Fact on film
Just watched an interesting episode of Fact on Film on National Geographic discussing Lord of the Rings. For the most part it took themes and characters from the films and compared them with historical events and persons. Some comparisons worked, others, I felt, didn’t – for instance comparing Gandalf to Ben Franklin. While it’s true both were very wise and often planned for the greater good and not for personal gain it was stretching it a bit.
Most of the other comparisons were ones which I’ve commented on before myself and I’m sure other have too, such as Helm’s Deep recalling other desperate battles against the odds such as the Battle of Britain or Agincourt.

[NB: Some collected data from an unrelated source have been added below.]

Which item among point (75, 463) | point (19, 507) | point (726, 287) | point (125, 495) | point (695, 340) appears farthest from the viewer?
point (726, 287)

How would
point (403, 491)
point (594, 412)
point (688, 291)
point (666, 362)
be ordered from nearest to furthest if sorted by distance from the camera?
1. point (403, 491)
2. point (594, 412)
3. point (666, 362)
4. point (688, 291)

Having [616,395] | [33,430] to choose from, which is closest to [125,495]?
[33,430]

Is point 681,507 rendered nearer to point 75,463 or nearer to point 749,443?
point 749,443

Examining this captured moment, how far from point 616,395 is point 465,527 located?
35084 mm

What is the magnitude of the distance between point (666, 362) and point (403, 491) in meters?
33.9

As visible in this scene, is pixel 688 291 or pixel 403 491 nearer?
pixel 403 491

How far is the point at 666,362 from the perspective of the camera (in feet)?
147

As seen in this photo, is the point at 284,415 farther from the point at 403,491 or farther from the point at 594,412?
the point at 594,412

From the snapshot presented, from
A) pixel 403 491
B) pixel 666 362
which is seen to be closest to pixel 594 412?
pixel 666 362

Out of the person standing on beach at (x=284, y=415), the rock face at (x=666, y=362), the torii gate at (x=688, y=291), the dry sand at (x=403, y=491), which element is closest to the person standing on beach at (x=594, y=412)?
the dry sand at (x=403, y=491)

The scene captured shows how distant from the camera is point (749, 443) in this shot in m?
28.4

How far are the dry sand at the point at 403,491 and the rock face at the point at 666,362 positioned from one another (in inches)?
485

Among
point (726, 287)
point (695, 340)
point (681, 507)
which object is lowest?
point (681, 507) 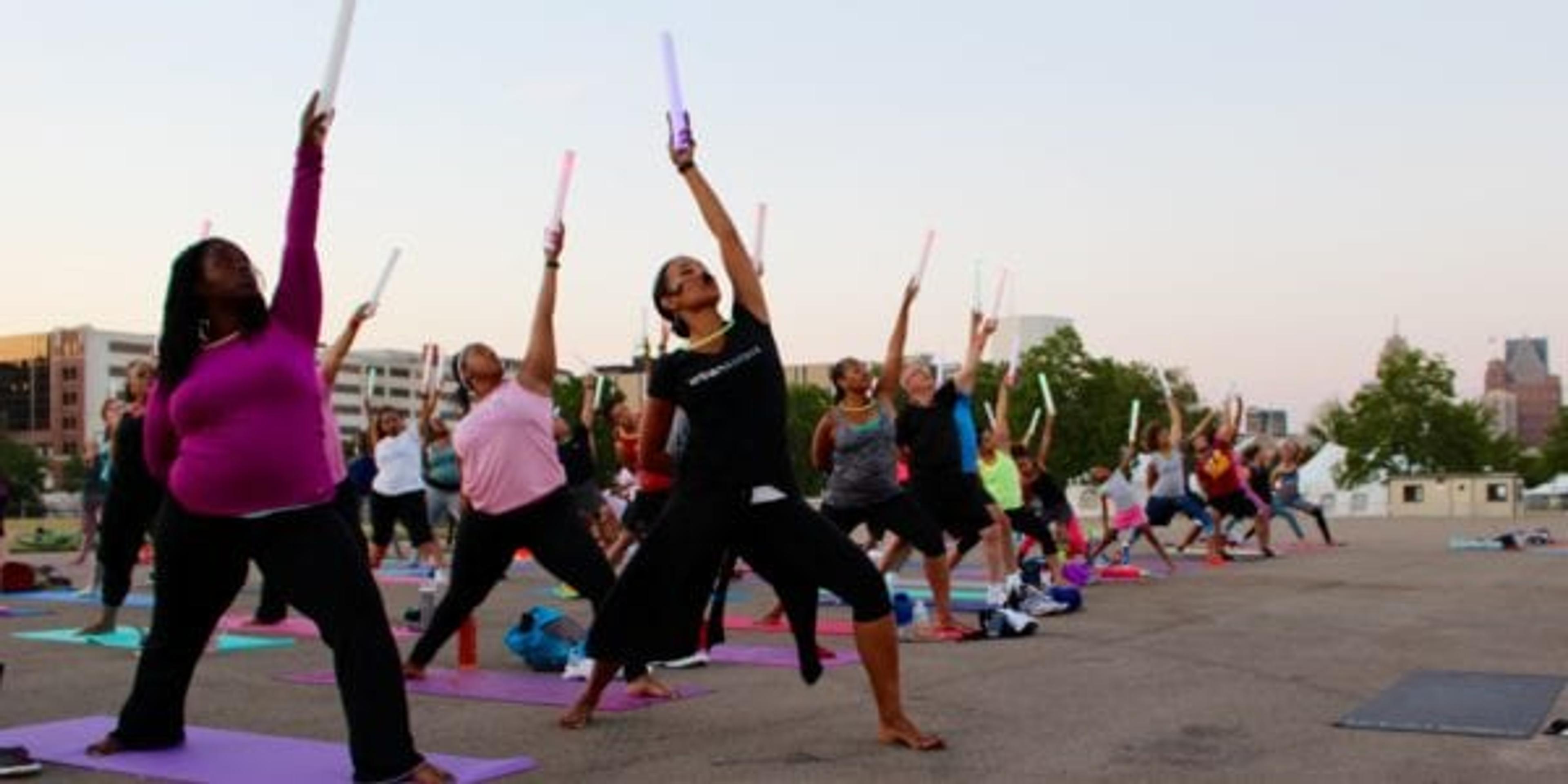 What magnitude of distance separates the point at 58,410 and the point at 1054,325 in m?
109

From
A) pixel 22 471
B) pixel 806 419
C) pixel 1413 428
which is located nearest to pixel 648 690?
pixel 1413 428

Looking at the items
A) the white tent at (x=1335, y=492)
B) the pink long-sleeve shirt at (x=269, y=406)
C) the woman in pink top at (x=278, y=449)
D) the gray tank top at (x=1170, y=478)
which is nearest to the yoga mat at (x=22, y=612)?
the woman in pink top at (x=278, y=449)

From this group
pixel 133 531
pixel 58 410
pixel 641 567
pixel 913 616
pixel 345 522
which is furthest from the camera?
pixel 58 410

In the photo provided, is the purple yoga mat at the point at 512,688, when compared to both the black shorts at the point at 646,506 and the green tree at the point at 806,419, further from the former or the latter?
the green tree at the point at 806,419

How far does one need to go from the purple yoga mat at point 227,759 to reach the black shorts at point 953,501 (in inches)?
205

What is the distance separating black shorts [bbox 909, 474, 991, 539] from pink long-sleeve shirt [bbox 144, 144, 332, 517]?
5.74 metres

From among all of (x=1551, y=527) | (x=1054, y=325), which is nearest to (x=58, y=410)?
(x=1054, y=325)

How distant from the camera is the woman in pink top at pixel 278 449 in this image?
5039mm

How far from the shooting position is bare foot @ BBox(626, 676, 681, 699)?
7062 millimetres

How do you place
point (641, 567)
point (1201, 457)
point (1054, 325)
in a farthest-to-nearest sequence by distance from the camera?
point (1054, 325) < point (1201, 457) < point (641, 567)

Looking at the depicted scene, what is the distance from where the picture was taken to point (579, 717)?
6344 millimetres

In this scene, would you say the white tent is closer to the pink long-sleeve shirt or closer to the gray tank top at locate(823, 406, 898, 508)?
the gray tank top at locate(823, 406, 898, 508)

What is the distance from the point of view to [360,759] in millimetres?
5000

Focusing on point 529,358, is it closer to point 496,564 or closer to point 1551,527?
point 496,564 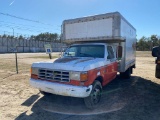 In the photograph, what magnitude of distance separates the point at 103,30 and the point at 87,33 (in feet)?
2.44

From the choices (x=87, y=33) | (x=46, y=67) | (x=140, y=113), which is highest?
(x=87, y=33)

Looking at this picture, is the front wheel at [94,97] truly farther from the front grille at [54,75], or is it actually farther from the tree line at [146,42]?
the tree line at [146,42]

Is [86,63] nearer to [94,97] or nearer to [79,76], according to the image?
[79,76]

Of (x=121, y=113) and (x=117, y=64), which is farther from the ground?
(x=117, y=64)

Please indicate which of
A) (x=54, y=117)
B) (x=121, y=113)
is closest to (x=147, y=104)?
(x=121, y=113)

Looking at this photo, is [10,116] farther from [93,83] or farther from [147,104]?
[147,104]

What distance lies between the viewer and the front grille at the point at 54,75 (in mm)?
5293

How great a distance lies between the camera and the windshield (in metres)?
6.69

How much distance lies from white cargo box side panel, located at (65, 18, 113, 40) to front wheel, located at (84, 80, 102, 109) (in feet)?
8.23

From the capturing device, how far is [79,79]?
5102 millimetres

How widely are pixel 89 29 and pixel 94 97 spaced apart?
128 inches

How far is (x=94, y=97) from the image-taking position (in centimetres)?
582

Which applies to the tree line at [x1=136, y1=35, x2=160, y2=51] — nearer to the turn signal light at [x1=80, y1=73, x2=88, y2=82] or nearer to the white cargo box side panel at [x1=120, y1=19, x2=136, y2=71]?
the white cargo box side panel at [x1=120, y1=19, x2=136, y2=71]

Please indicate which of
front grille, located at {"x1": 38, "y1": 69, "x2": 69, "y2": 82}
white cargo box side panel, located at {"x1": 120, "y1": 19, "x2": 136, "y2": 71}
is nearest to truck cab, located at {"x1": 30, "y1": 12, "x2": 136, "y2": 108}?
front grille, located at {"x1": 38, "y1": 69, "x2": 69, "y2": 82} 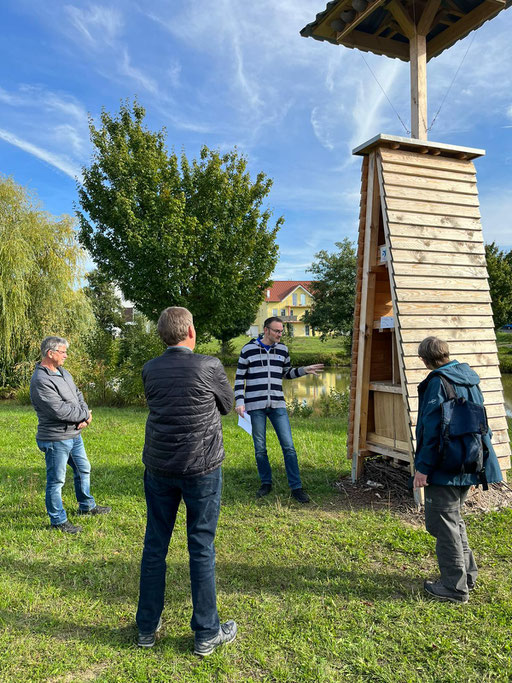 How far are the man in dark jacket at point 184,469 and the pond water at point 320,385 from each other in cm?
1510

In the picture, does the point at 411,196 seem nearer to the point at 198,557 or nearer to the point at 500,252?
the point at 198,557

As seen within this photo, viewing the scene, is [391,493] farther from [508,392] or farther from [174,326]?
[508,392]

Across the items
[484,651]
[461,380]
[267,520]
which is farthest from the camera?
[267,520]

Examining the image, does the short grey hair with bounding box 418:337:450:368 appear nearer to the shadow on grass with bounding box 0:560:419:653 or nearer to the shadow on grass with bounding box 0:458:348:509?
the shadow on grass with bounding box 0:560:419:653

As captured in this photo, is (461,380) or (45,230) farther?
(45,230)

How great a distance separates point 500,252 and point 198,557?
3880 cm

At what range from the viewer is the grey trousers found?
3.30m

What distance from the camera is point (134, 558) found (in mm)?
4125

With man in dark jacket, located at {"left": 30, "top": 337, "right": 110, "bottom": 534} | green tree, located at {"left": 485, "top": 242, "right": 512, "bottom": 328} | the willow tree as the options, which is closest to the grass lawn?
man in dark jacket, located at {"left": 30, "top": 337, "right": 110, "bottom": 534}

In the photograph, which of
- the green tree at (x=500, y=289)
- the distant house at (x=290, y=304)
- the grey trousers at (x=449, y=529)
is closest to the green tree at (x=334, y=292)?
the green tree at (x=500, y=289)

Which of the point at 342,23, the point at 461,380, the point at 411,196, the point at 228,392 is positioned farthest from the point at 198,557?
the point at 342,23

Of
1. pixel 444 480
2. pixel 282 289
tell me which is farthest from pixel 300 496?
pixel 282 289

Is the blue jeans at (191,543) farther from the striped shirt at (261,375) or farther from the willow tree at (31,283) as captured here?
the willow tree at (31,283)

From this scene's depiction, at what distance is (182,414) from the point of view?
283cm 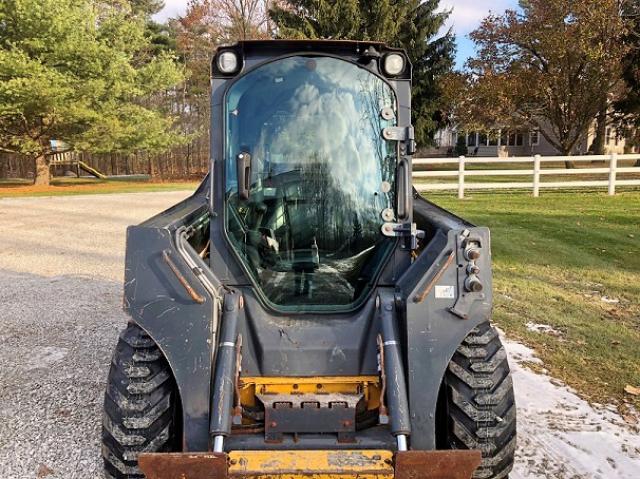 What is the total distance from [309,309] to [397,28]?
2989 cm

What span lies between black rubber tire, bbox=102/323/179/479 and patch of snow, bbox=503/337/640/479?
6.20ft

One which I had not considered drew on the greatest mytho-historical (for he is both now) characters from the history of my own land: William Wallace. The programme discussed comparisons between Aragon and Wallace – both men fighting a desperate battle, attempting to rally and inspire their men to win their freedom while neither was seeking personal power or reward. Aragon shuns the kingship although he knows he must ultimately embrace it, while Wallace, knighted and made Guardian of the realm fights in the name of the exiled king, with no intention of using his abilities to take power for himself. Of course, it’s not an entirely successful analogy since Wallace’s war ends, regrettably, in betrayal and a torturous death, while Aragon’s is rather more successful. Although since Wallace’s battles would lay the ground for the Bruce – who like Aragon spent time exiled in the wilds – who would displace the disgraced king Balliol (known as Toom Tabard or empty coat after his insignia was ripped off by Edward I) who died in exile and claim the throne for himself you could argue that he indirectly does provide for the return of the king, after a fashion.